Philip Seymour Hoffman, 1967–2014

The Oscar-winning actor who found depth in every character

Philip Seymour Hoffman kicked his youthful addictions to drugs and alcohol at the age of 22, before embarking on one of the most wide-ranging and universally admired acting careers of his age. But even after more than two decades of sobriety, he always knew that the battle wasn’t over. “Just because all that time’s passed doesn’t mean ‘Maybe it’s a phase,’” he told an interviewer in 2011. “That’s, you know, who I am.” A year later, he put himself back into rehab, and this week Hoffman was found dead with a needle in his arm in a Manhattan apartment containing 50 bags of heroin.

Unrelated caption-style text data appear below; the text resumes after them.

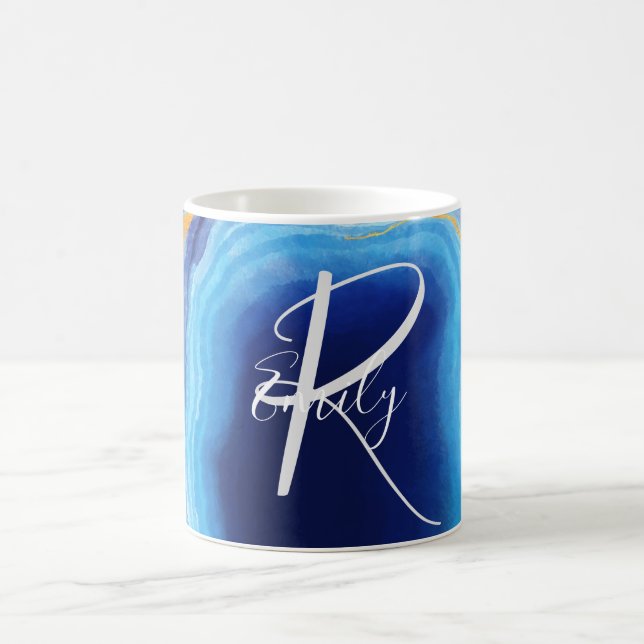 Deep Indigo Agate Marble Abstrakt Name Monogram Kaffeetasse (Mittel)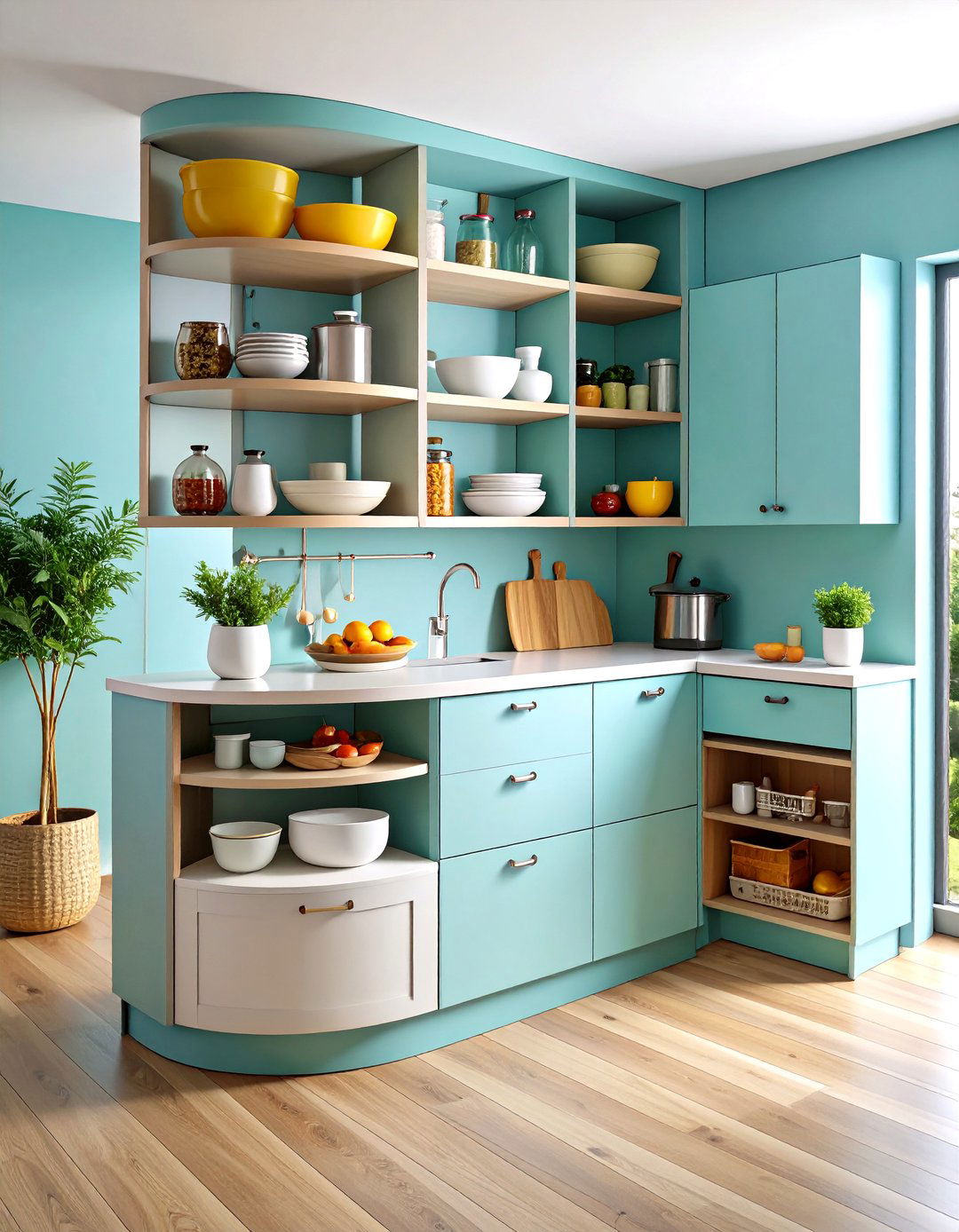 Cabinet Corner Carousel Systems - 24 Small Kitchen Storage Ideas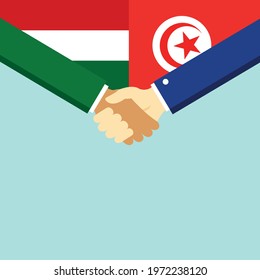 The handshake and two flags Hungary and Tunisia. Flat style vector illustration.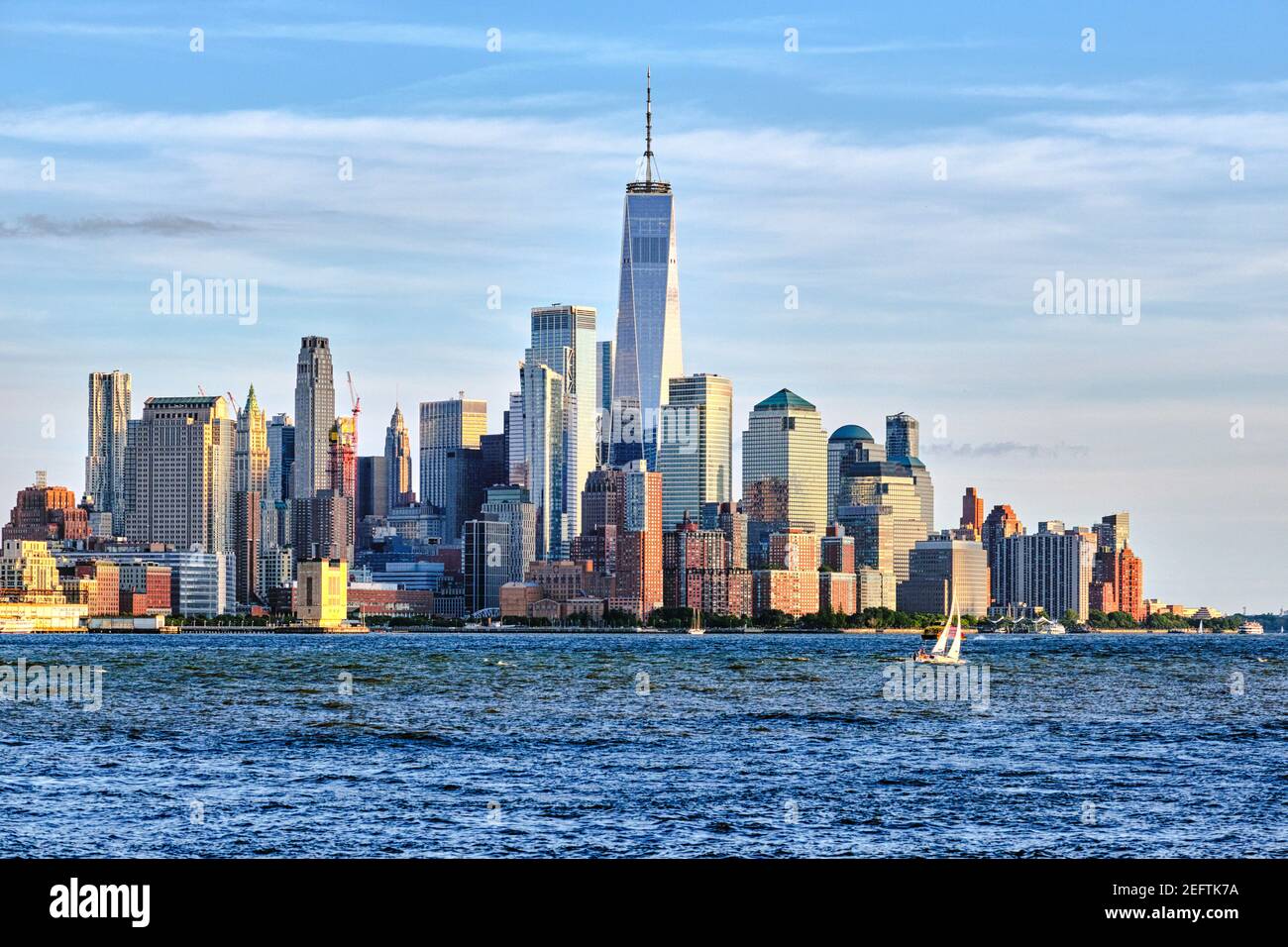 Lower Manhattan Skyline vom Hudson River aus gesehen, New Yor, New York Stockfoto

Despite the addiction problem that apparently killed him, Hoffman “was the opposite of an artist in decline,” said Slate.com. He had reached “a kind of sun-dappled meadow in his professional life,” where he could take on whatever challenge appealed to him. After winning the Best Actor Academy Award in 2006 for his portrayal of Truman Capote in Capote, Hoffman played a wide-ranging gallery of characters: the disgruntled CIA agent of Charlie Wilson’s War, the villainous arms trader in Mission: Impossible III, the eerily affable cult leader in The Master, even Willy Loman in a Broadway production of Death of a Salesman. “His unusual actorly physiognomy—the ruddy, transparent skin, the bulky but far from graceless body, the beetling blond eyebrows—lent itself to all manner of physical and gestural shape-shifting.” Hoffman seemed uniquely able to sculpt his characters “from the pliant clay of the voice and body he already had.”